Rich Reilly led the team for JP Morgan with partner David Barwise and was assisted by lead associate Dhanesh Sanichara and associates Stavros Panayi, Leon Curzon and Paul Callaghan. Partner Neil Woodgate advised on tax-related aspects.

Rich, head of the London structured finance team, specialises in CDOs, securitisations across a wide variety of asset classes, and other structured products. He is a US-qualified partner.

Partner Ciaran Rogers led the team at A&L Goodbody advising the Issuer and Bank of Ireland on matters of Irish corporate and tax law respectively.

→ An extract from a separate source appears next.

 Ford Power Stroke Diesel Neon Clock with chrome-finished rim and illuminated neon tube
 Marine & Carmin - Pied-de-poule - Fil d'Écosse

Partner Michael Smith at Ashurst Morris Crisp advised Bank of Ireland as Collateral Manager with respect to English law.

 

 

White & Case acted for Merrill Lynch and Credit Suisse First Boston as Lead Managers of the first ever securitization of credit card receivables in Russia, in a US $225 million international bond issue made by Rosbank, one of Russia's largest privately owned banks. The deal, which closed November 3, establishes a successful template for structured bond issues in Russia and is expected to act as a catalyst for growth in the market for transactions of this type. The five-year Notes in the transaction, which were issued via a special purpose vehicle, Russia International Card Finance S.A., are backed by credit card cash flows from Visa and Mastercard, payable to the Bank of New York as trustee. Although the structure of the transaction is increasingly common in emerging markets, it is the first time such a deal has been completed in the Russian market. The issue was rated as "Ba3" by Moody's Investor Service and "B+" by Fitch. "The development of securitization in Russia is in its very early stages, but it is an exciting area in which we believe we will see strong future growth as the boundaries are pushed forward by market-leading transactions such as the Rosbank credit card securitization. Now that a successful template has been established, we should see more and more structured bonds of this type in the next few months," said David Barwise, head of White & Case's capital markets practice in London. White & Case partner Laurence Pettit in New York led the transaction team, working closely with Barwise and partner Sven Krogius in Moscow.

 

White & Case acted for Is Bank and Finans Bank, both of Turkey, in the aggregate issuance of $950 million of securitization notes, brought to market on two consecutive days by Standard Chartered Bank. Both transactions involved the issuance by Cayman-based SPVs of notes backed by the SPV's ownership interest in certain diversified payment rights acquired by the SPV from a Turkish originating bank. The Is Bank transaction closed on November 22, and was a $600 million issuance, with one $250 million tranche wrapped by MBIA, one $250 million tranche wrapped by Ambac, and one $100 million unwrapped tranche. The Finans Bank transaction closed on November 23 and included two unwrapped tranches, $225 million of floating rate notes, and $125 million of fixed rate notes. Taking these and other transactions into account White & Case has advised arrangers and issuers on $1.82 billion of structured debt from Turkish issuers and originators in six separate transactions in 2004. White & Case partners: Laurence Pettit (New York); David Barwise (London).

 

 

In what is one of only a handful of Collateralized Fund Obligation (CFO) deals to ever take place in the European market, White & Case advised Nomura International PLC as arranger. CFOs repackage the risks and rewards of various financial assets, through a Special Purpose Vehicle (SPV), in this case SVG Diamond Holdings Limited, incorporated in Jersey. SVG Diamond Holdings Limited made a combined debt and equity offering, with the debt offering backed by the private equity interests. SVG Diamond Holdings Limited issued EUR140 million of preferred equity and an unspecified sum of private debt. SVG Diamond Private Equity Limited, an SPV incorporated in Ireland, purchased the debt offered by SVG Diamond Holdings Limited, funding the purchase via the issue of approximately EUR260 million of Notes (or equivalent: the Notes offered were denominated in both Euros and US dollars). The Notes were listed on the Channel Islands Stock Exchange. White & Case partner: David Barwise (London).